Exercise aim —
All that is wanted is the line with "Lancaster Motor Inn Dış mekan fotoğraf" and each line after it to the end of the data below, set down exactly and without pictures.

Available data —
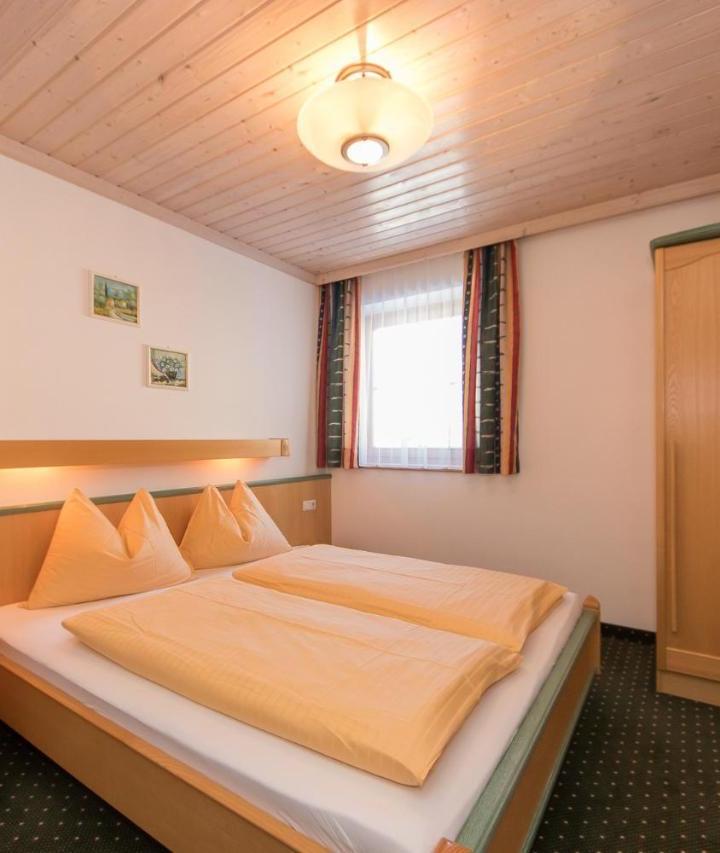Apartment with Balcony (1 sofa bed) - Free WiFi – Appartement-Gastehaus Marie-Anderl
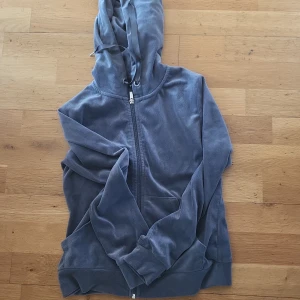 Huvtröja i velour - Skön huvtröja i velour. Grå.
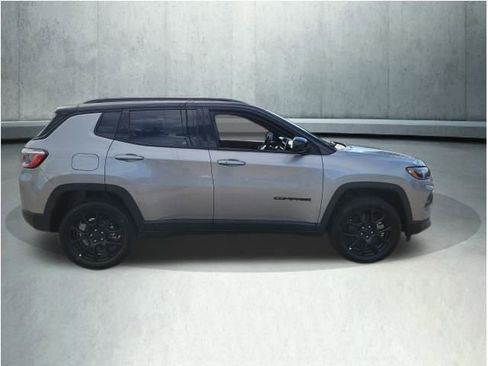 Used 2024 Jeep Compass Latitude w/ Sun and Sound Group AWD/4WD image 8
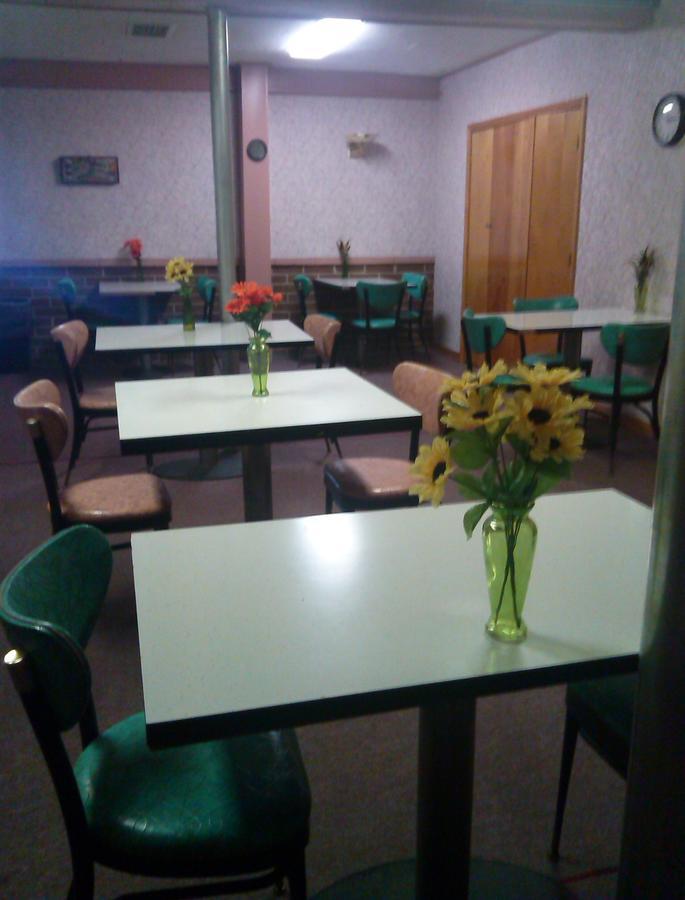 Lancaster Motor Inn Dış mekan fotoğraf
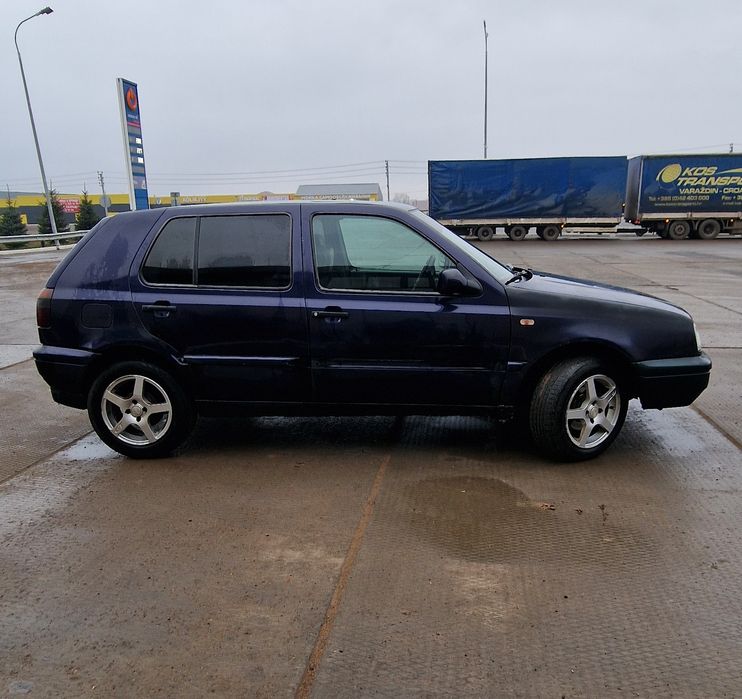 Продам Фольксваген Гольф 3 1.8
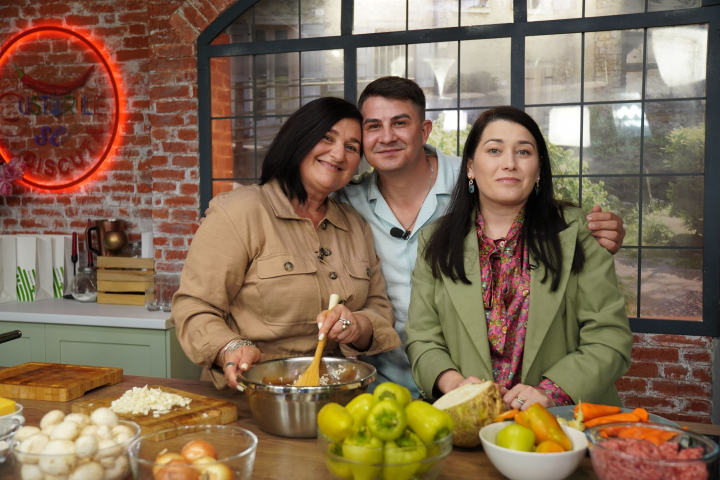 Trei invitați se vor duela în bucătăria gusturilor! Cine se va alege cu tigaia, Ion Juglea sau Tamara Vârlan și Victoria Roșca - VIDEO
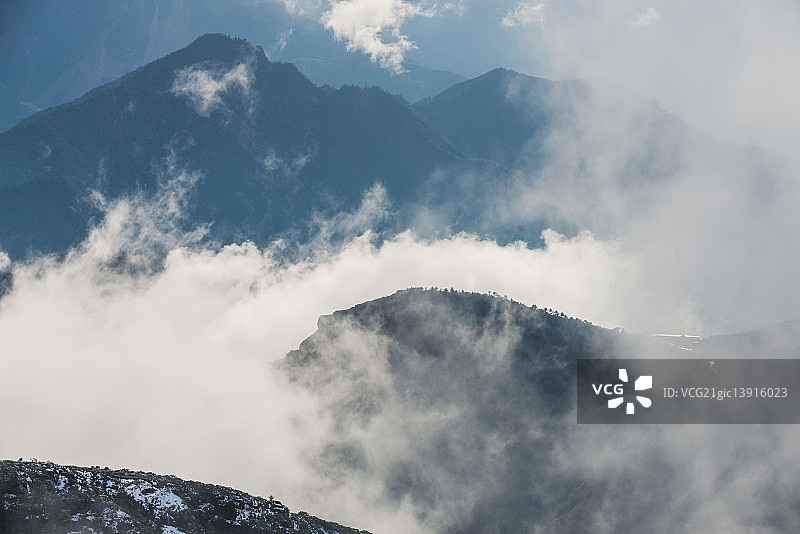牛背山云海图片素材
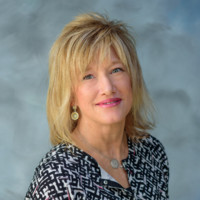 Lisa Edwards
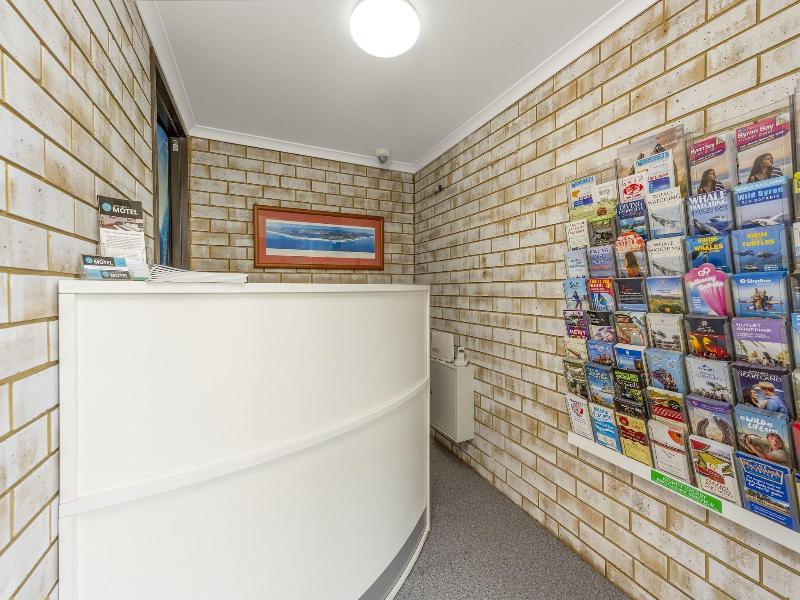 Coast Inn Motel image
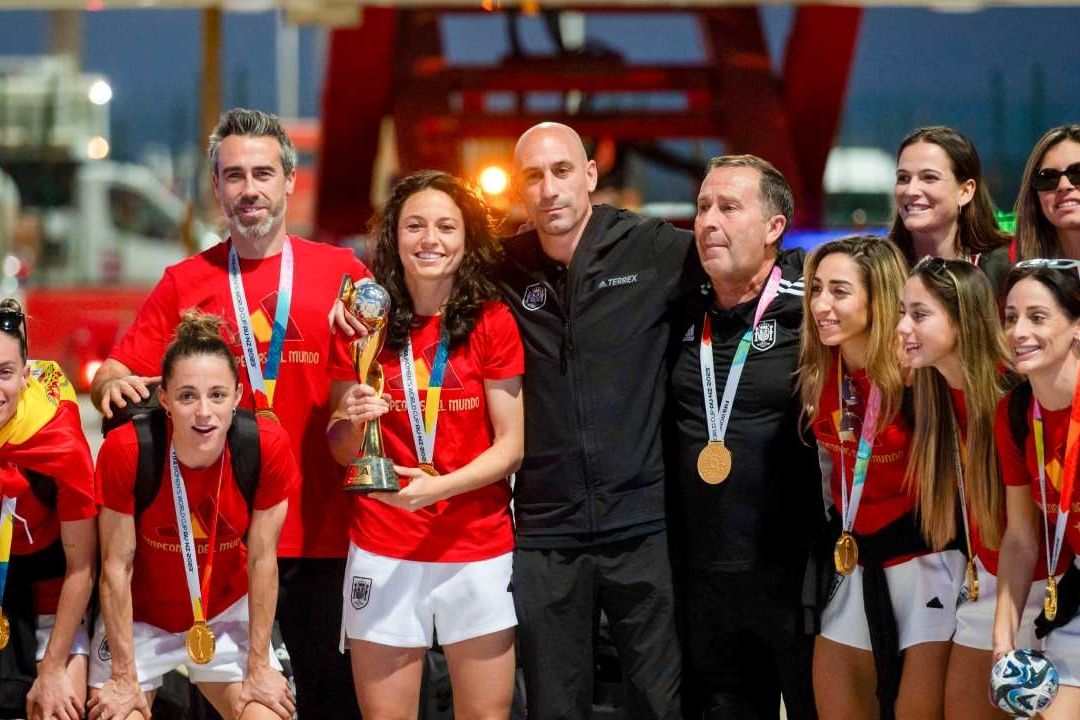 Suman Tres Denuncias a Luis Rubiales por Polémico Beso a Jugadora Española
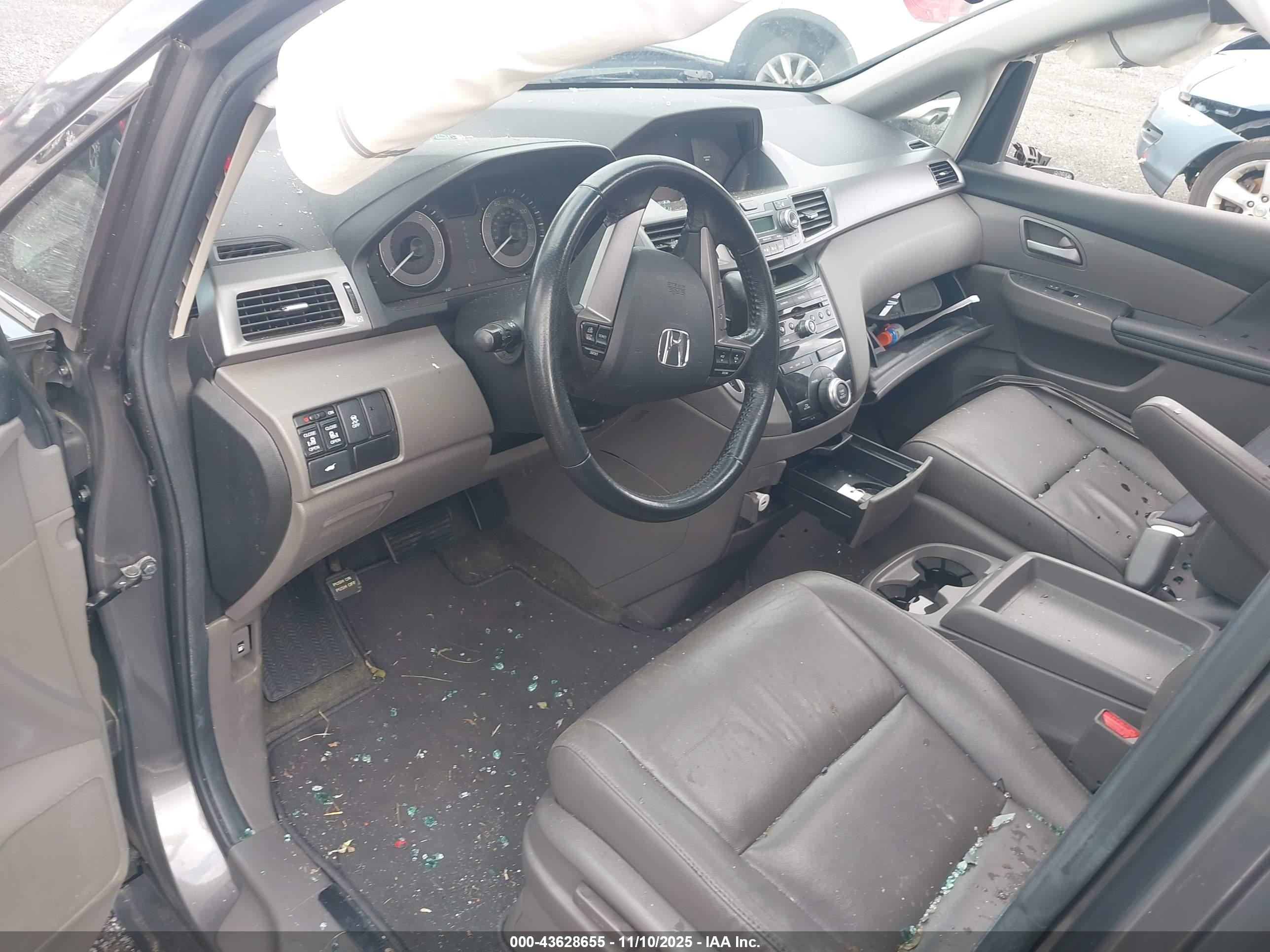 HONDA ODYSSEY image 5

Answer for the task —
 Lancaster Motor Inn Dış mekan fotoğraf
 Продам Фольксваген Гольф 3 1.8
 Trei invitați se vor duela în bucătăria gusturilor! Cine se va alege cu tigaia, Ion Juglea sau Tamara Vârlan și Victoria Roșca - VIDEO
牛背山云海图片素材
 Lisa Edwards
 Coast Inn Motel image
 Suman Tres Denuncias a Luis Rubiales por Polémico Beso a Jugadora Española
 HONDA ODYSSEY image 5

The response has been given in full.